§ WORK ITEM
The whole listing is to be retyped exactly as it appears.

§ TASK DATA
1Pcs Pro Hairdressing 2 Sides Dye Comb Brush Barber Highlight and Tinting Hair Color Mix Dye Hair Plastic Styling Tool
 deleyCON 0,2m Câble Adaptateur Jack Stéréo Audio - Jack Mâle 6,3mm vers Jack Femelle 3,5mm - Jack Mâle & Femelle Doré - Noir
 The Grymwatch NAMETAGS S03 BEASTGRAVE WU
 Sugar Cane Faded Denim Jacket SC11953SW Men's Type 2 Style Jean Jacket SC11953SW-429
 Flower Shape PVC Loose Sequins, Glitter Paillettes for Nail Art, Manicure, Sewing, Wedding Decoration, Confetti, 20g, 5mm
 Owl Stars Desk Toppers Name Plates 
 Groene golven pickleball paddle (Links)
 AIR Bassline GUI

§ ANSWER BOX
1Pcs Pro Hairdressing 2 Sides Dye Comb Brush Barber Highlight and Tinting Hair Color Mix Dye Hair Plastic Styling Tool
 deleyCON 0,2m Câble Adaptateur Jack Stéréo Audio - Jack Mâle 6,3mm vers Jack Femelle 3,5mm - Jack Mâle & Femelle Doré - Noir
 The Grymwatch NAMETAGS S03 BEASTGRAVE WU
 Sugar Cane Faded Denim Jacket SC11953SW Men's Type 2 Style Jean Jacket SC11953SW-429
 Flower Shape PVC Loose Sequins, Glitter Paillettes for Nail Art, Manicure, Sewing, Wedding Decoration, Confetti, 20g, 5mm
 Owl Stars Desk Toppers Name Plates 
 Groene golven pickleball paddle (Links)
 AIR Bassline GUI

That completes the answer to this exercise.